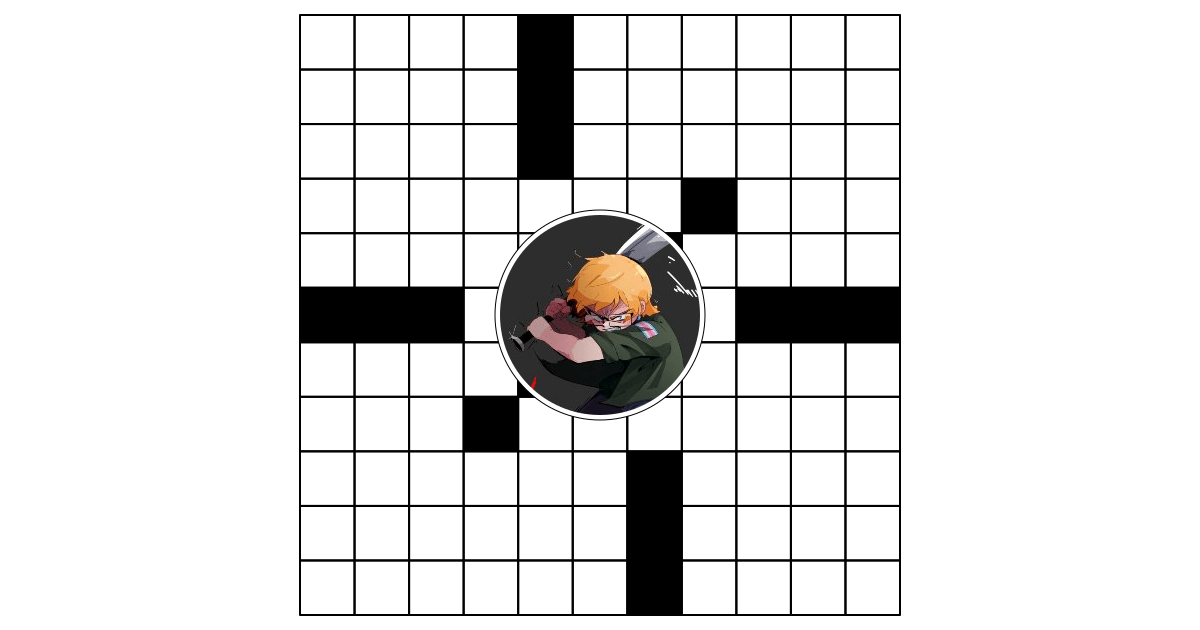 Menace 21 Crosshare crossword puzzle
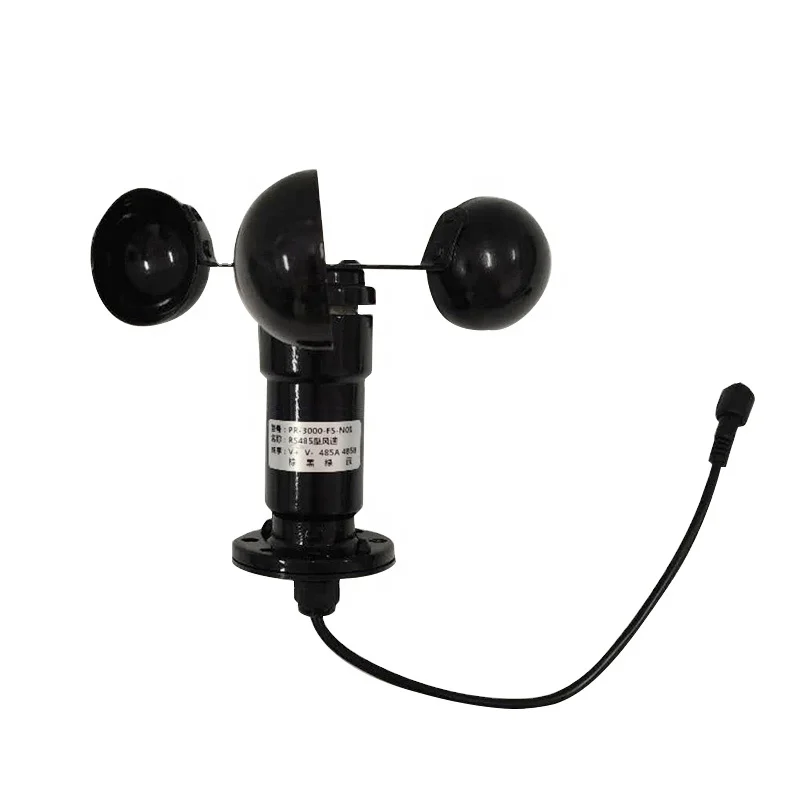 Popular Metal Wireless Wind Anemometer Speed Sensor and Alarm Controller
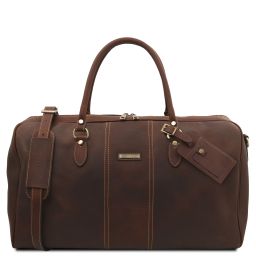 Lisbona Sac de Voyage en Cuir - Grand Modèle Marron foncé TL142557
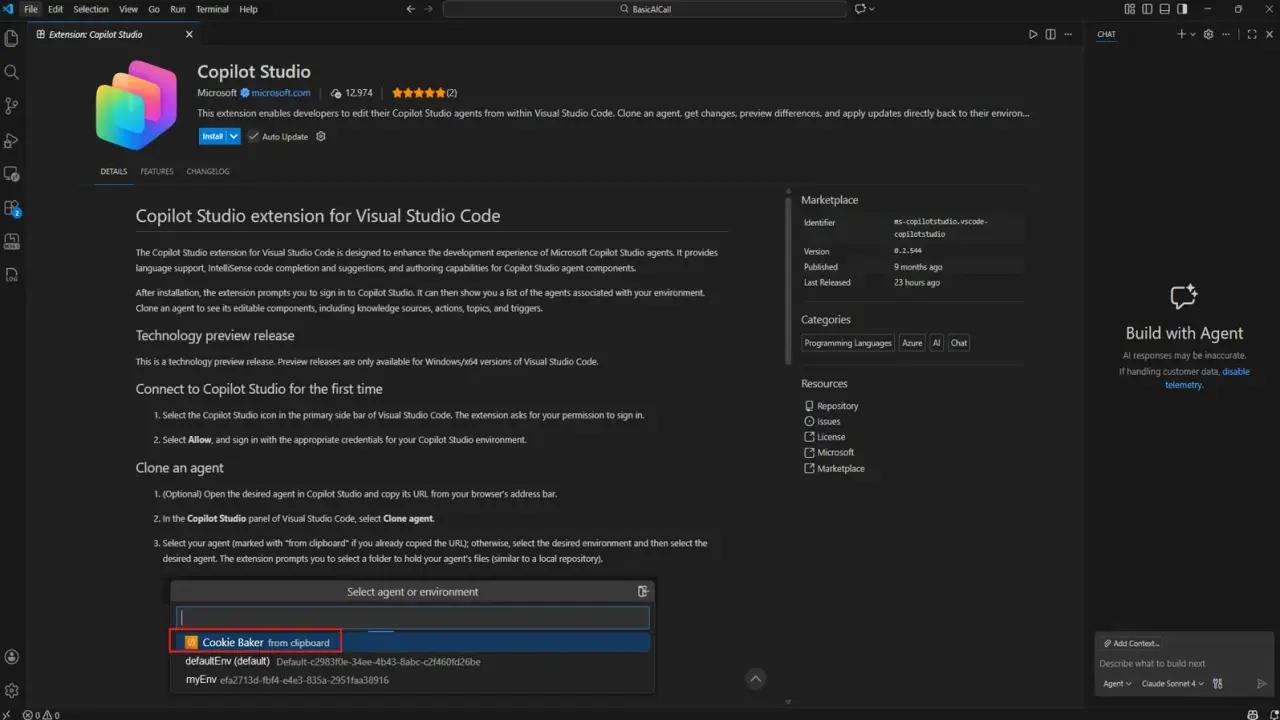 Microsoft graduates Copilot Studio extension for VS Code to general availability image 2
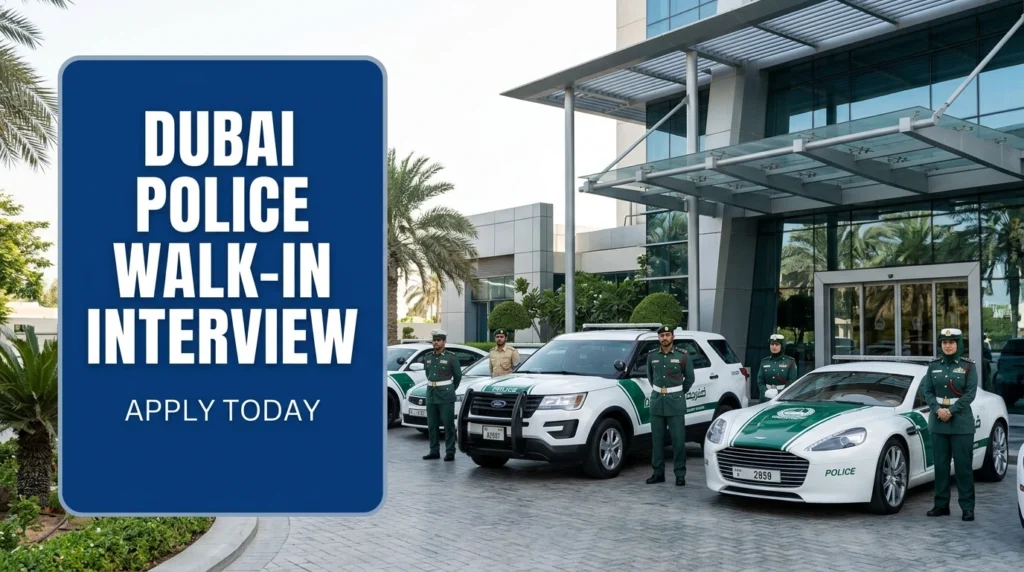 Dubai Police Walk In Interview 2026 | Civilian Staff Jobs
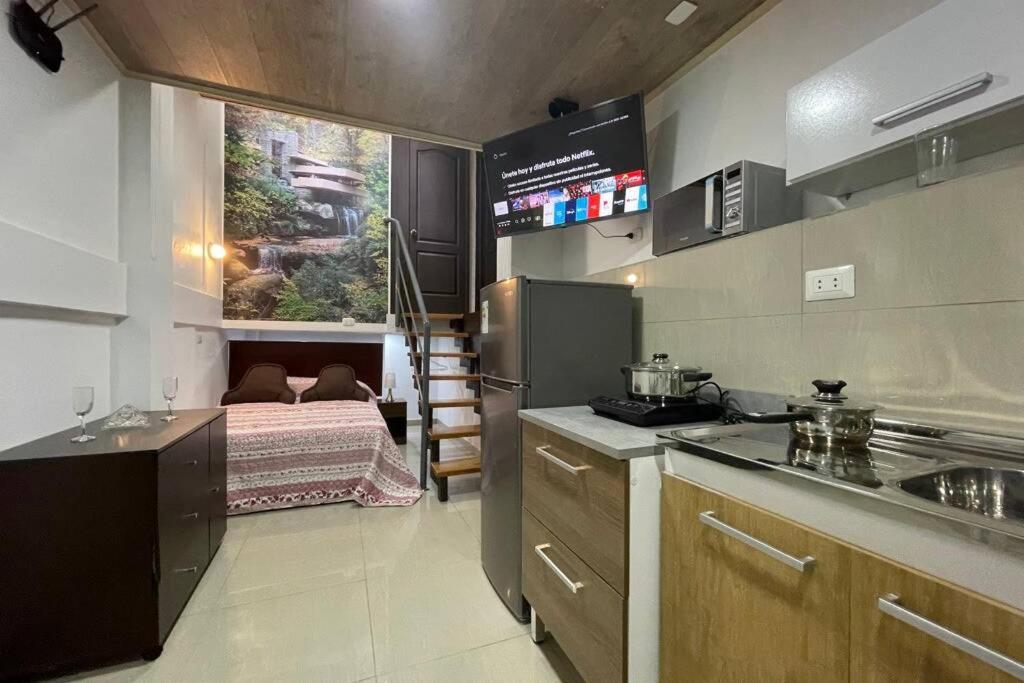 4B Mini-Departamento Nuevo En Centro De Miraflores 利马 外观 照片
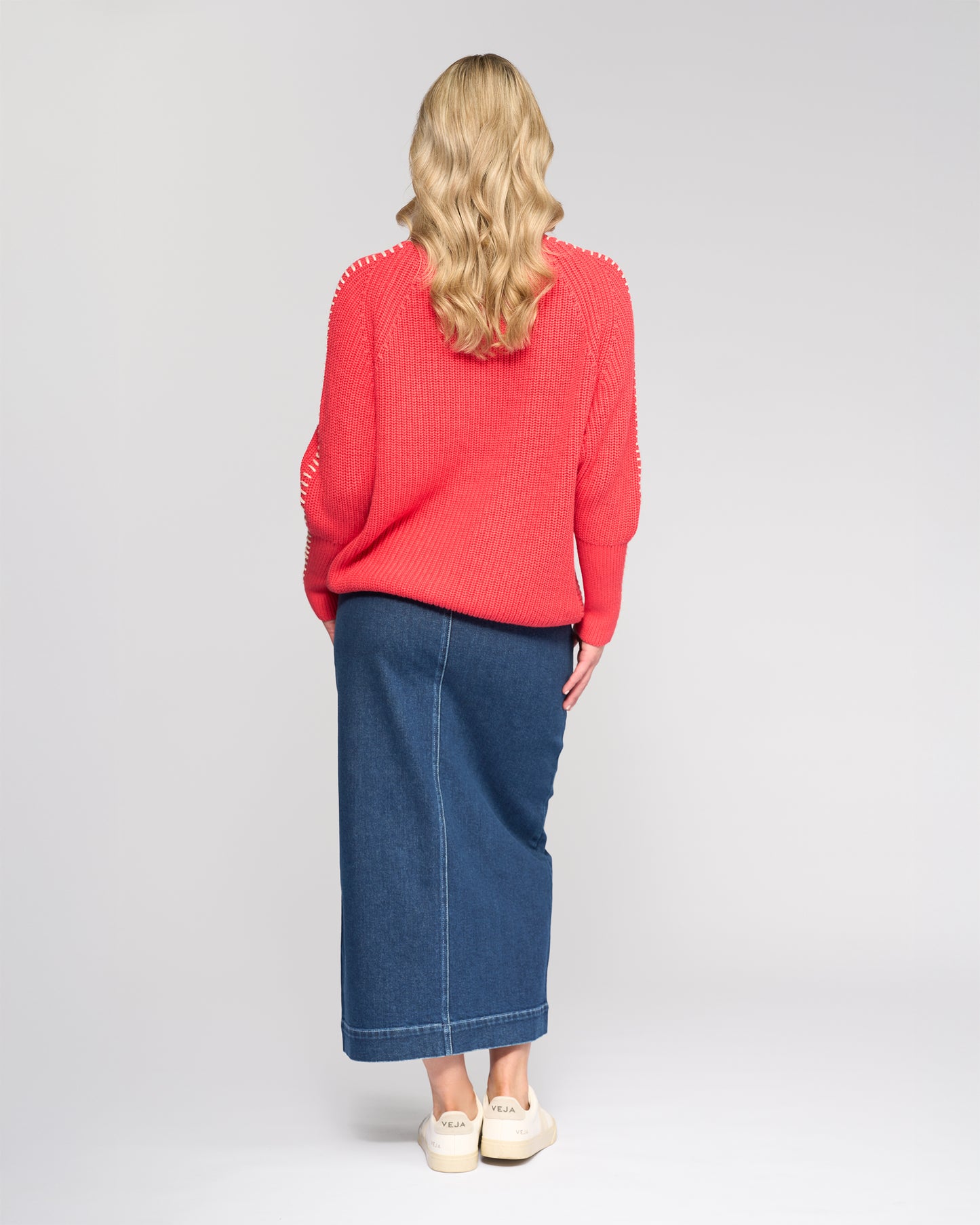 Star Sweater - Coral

• [Instructions to follow]: Begin the copy at the line containing "Microsoft graduates Copilot" and end it at the final line of the material above, reproducing each line exactly and omitting pictures.

• [Answer to the exercise]:
 Microsoft graduates Copilot Studio extension for VS Code to general availability image 2
 Dubai Police Walk In Interview 2026 | Civilian Staff Jobs
 4B Mini-Departamento Nuevo En Centro De Miraflores 利马 外观 照片
 Star Sweater - Coral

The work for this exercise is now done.